Top of DATASET EXCERPTS

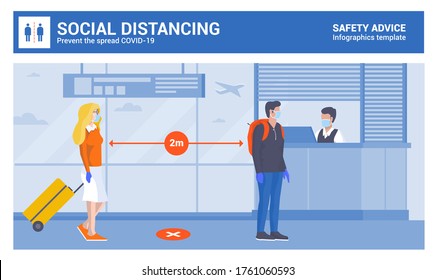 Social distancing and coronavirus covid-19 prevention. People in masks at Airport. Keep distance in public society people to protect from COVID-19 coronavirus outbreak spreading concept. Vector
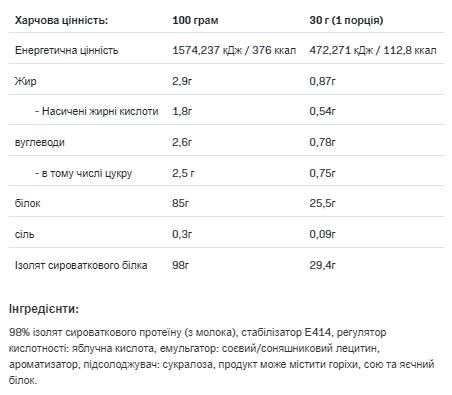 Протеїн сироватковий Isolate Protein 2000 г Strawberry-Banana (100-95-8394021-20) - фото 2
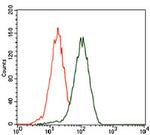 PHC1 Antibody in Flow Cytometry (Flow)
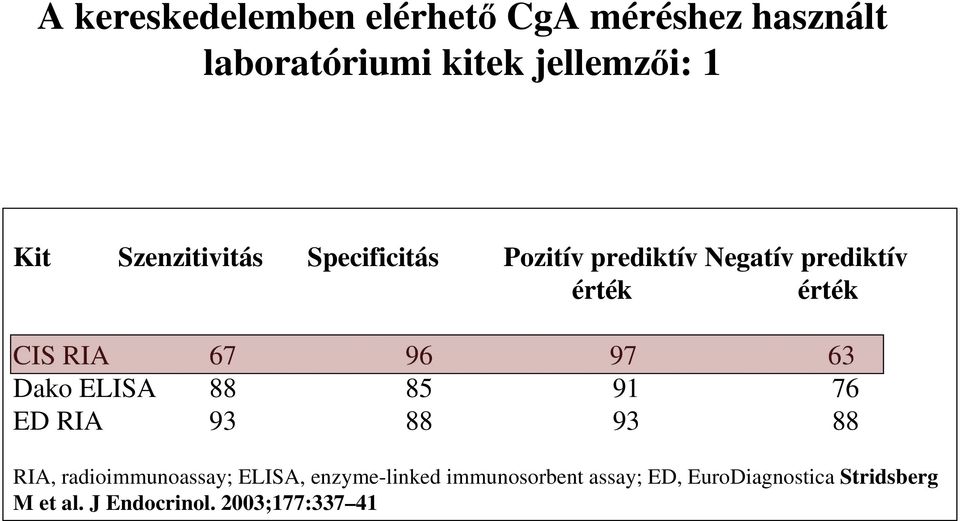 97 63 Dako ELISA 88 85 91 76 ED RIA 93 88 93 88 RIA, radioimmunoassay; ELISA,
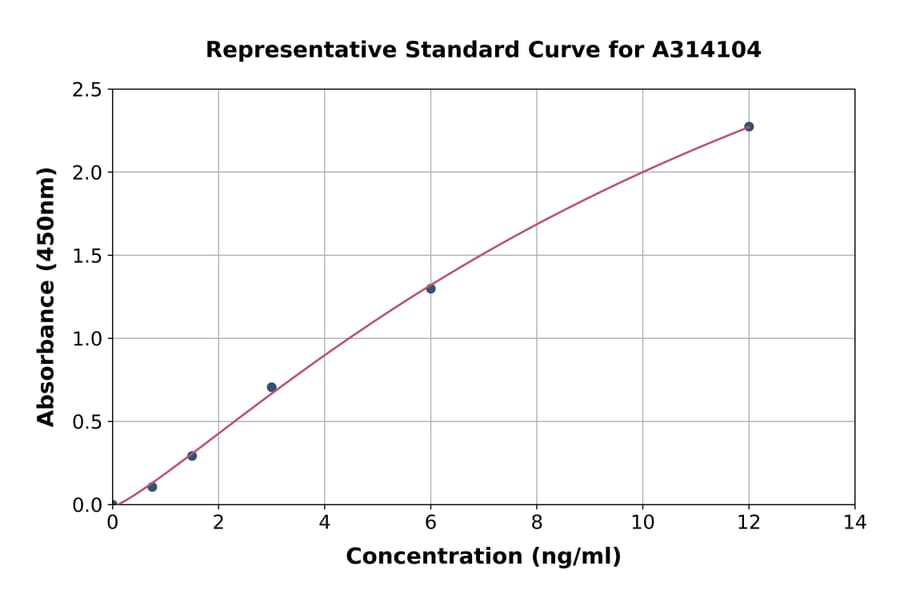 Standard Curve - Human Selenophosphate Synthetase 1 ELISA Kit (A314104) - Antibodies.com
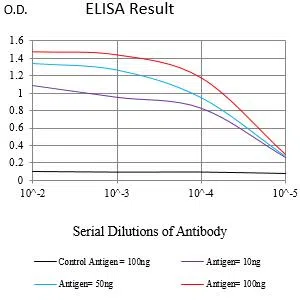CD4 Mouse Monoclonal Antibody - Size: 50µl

Bottom of DATASET EXCERPTS

» **WHAT IS REQUIRED**: Could you transcribe exactly the lines from the start of the records through the line containing "PHC1 Antibody in Flow Cytometry (Flow)", both ends included, leaving the pictures out?

» **EXERCISE SOLUTION**:
 Social distancing and coronavirus covid-19 prevention. People in masks at Airport. Keep distance in public society people to protect from COVID-19 coronavirus outbreak spreading concept. Vector
 Протеїн сироватковий Isolate Protein 2000 г Strawberry-Banana (100-95-8394021-20) - фото 2
 PHC1 Antibody in Flow Cytometry (Flow)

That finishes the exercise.